**PROBLEM TO WORK ON:** Aside from the pictures, copy the listing exactly.

**RECORDED DATA:**
* * * *
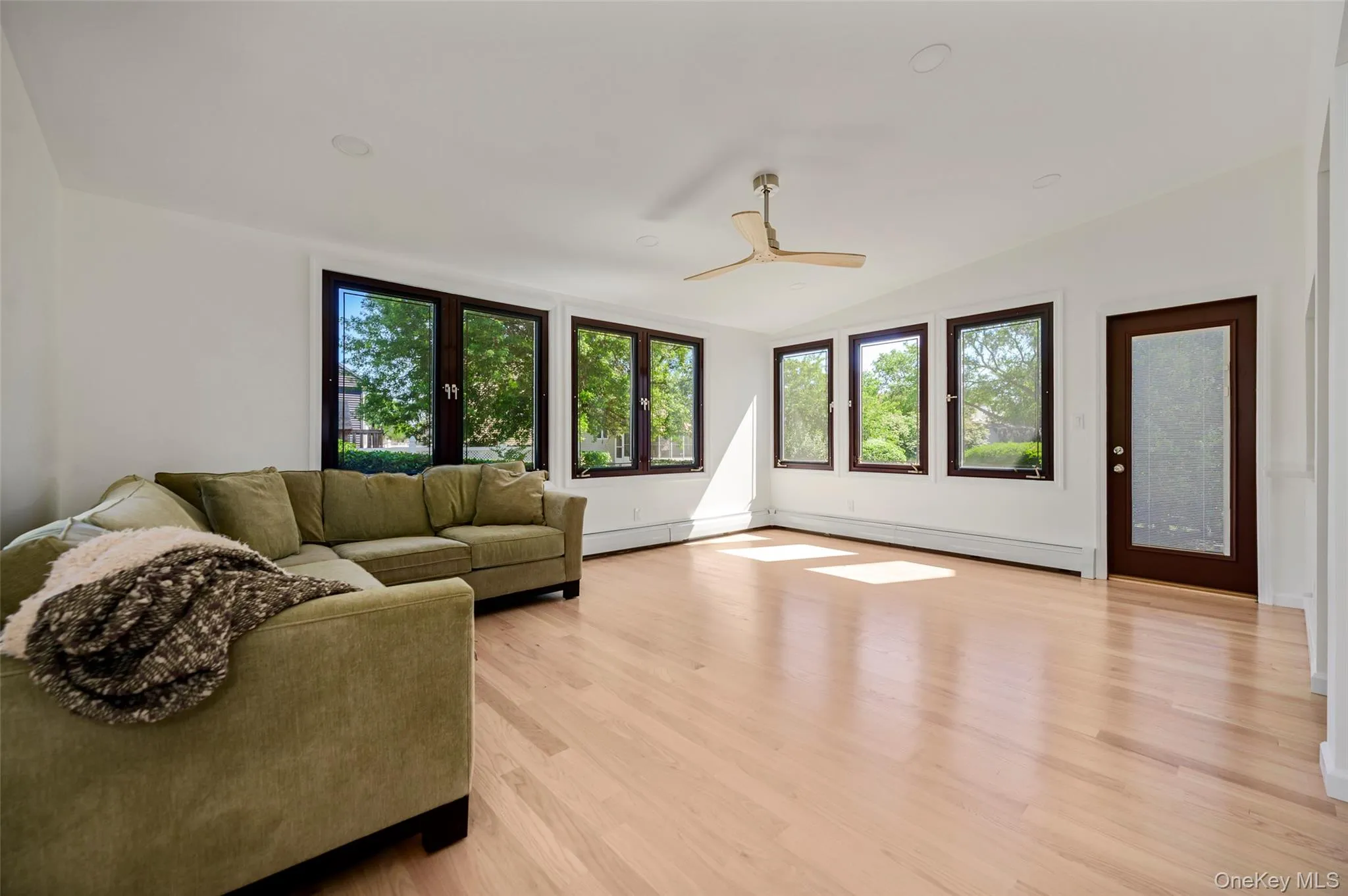 190 Waukena Avenue, Hempstead, NY, 4 Bedrooms Bedrooms, 11 Rooms Rooms,2 BathroomsBathrooms,Residential,For Rent,Waukena,0,1049735 190 Waukena Avenue, Hempstead, NY, 4 Bedrooms Bedrooms, 11 Rooms Rooms,2 BathroomsBathrooms,Residential,For Rent,Waukena,0,1049735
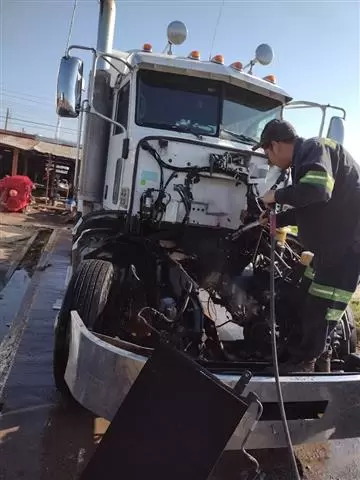VRB Diesel Truck & Trailer image 6
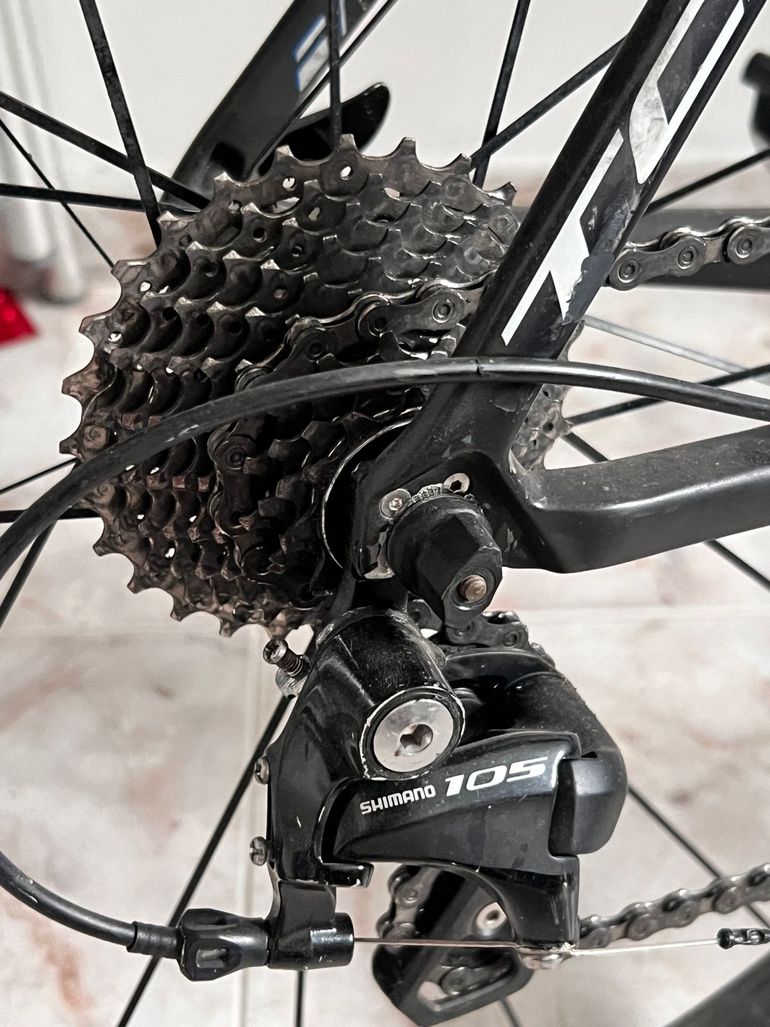 Used Giant TCR Advanced 2 2015 2015 Road & Gravel, Black — image 5 of 8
* * * *
**REPLY:**
 190 Waukena Avenue, Hempstead, NY, 4 Bedrooms Bedrooms, 11 Rooms Rooms,2 BathroomsBathrooms,Residential,For Rent,Waukena,0,1049735 190 Waukena Avenue, Hempstead, NY, 4 Bedrooms Bedrooms, 11 Rooms Rooms,2 BathroomsBathrooms,Residential,For Rent,Waukena,0,1049735
VRB Diesel Truck & Trailer image 6
 Used Giant TCR Advanced 2 2015 2015 Road & Gravel, Black — image 5 of 8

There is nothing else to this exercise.